Everyone understands how you’re feeling and nobody in their right mind will expect you to turn up on day 1, and know everything, make zero mistakes, and churn out a ton of work.

Here are our top tips to help smooth the way.

 

Be prepared

 

Do a bit of reading about the company, you can look at their website online and you can read through any information you’ve been given along with your contract. Familiarising yourself the products or services, company policies, etc. could help you feel more comfortable on day one. It also shows the boss you’re keen.

Get a great night’s sleep, it’ll help you manage your emotions more easily, focus better and generally feel more in control.

Don’t forget to set your alarm and wake up in plenty of time to have breakfast & your shower.

Have your commute details all worked out. If you’re not rushing, then you’re less likely to forget something and you’ll start off feeling more relaxed.

Take a packed lunch too, if you’re not sure about when or where you’ll get lunch breaks – there’s nothing worse than starving all day and a rumbling tummy can be embarrassing.

Make a mental note of the name who you’ll need to ask for when you arrive.

 

First impressions

 

First impressions definitely do count.

Wear something appropriate for the job (if a uniform hasn’t been provided) and look smart. Take the extra time to iron your clothes, have a shave, do your hair and shine your shoes. If you look professional, you’ll feel more professional.

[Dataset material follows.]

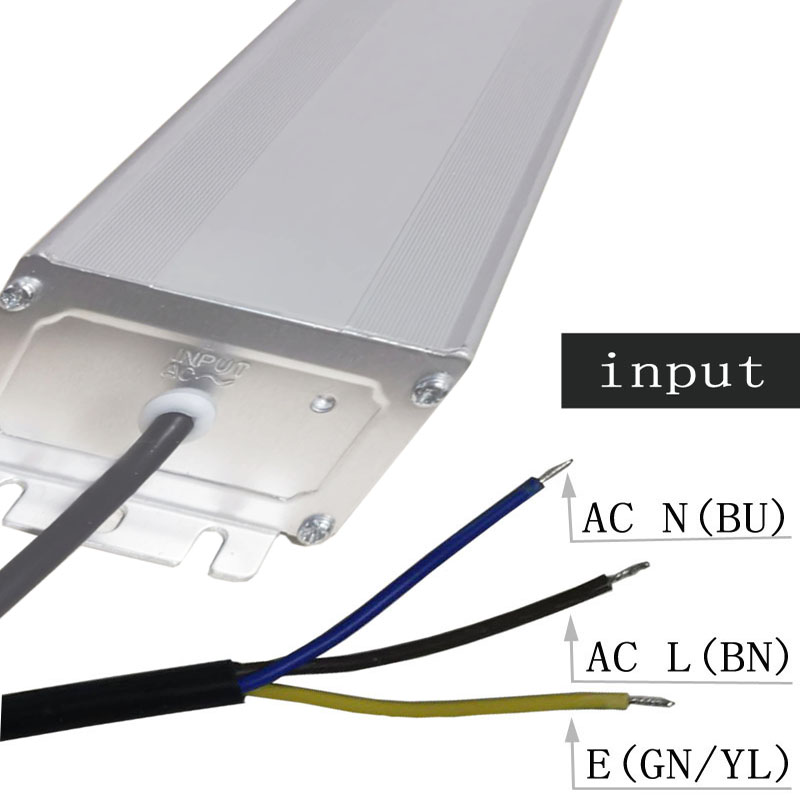 24v200w ac to dc Presiune constanta sursa de alimentare cu energie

Make sure you arrive on time if not a little bit early. Employers will look really favourably on good timekeeping, it shows commitment and enthusiasm as well indicating that you’re reliable.

 

Show confidence

 

Even if you’re quaking in your boots, keep a smile on your face, give your colleagues eye contact when they speak to you, shake hands firmly. Try and remember to speak up so that people don’t have to ask you to repeat yourself (that could make you feel more nervous).

Acting confident can actually give you confidence too.

 

Be enthusiastic

 

Pay attention to everything that you’re told or shown. You won’t be expected to remember it all but your colleagues will appreciate that you’re trying.

You can always ask for a pen & paper (or take your own) and jot down any notes that you feel might be really useful.

Make sure you fully understand what your job is and what is expected of you. Don’t be afraid to ask questions.

 

Check your work

 

When you’ve been shown how to complete a task, take a minute to check everything is correct before you move on to the next one.

Nobody is infallible and especially not on your first day. If you can find and correct any errors before anyone has to, it’ll boost your self-esteem and build your colleagues confidence in your abilities. (That means you could be given the good jobs sooner rather than later).

If you’re really stumped, or if you think you have made a hideously huge mistake, don’t sit there stewing on it. Just ask for help. Most people are only too happy to help out the newbie and would rather show you how to do it right than have to fix something later down the track.

 

Time to go

 

Don’t be the first person to rush out the door. If you haven’t finished your last task just take a few minutes to finish up, it’ll save you time in the morning and your effort will be appreciated.

Thank everyone who has helped you on your first day, not only is it polite but it’s a great way to ensure they’re still keen to help you in future.

Tidy up your work area, it’s respectful and professional – don’t tell your mum though, she’ll expect you to do the same at home too.

 

Think positive

 

You’ve been hired for that job above all the other applicants because your employer saw the potential in you and must have thought you would make a good addition to the team.

You can do this.

Remember that by the time you walk through the door on day 2, everything will already feel a whole lot more familiar and it won’t be nearly as daunting.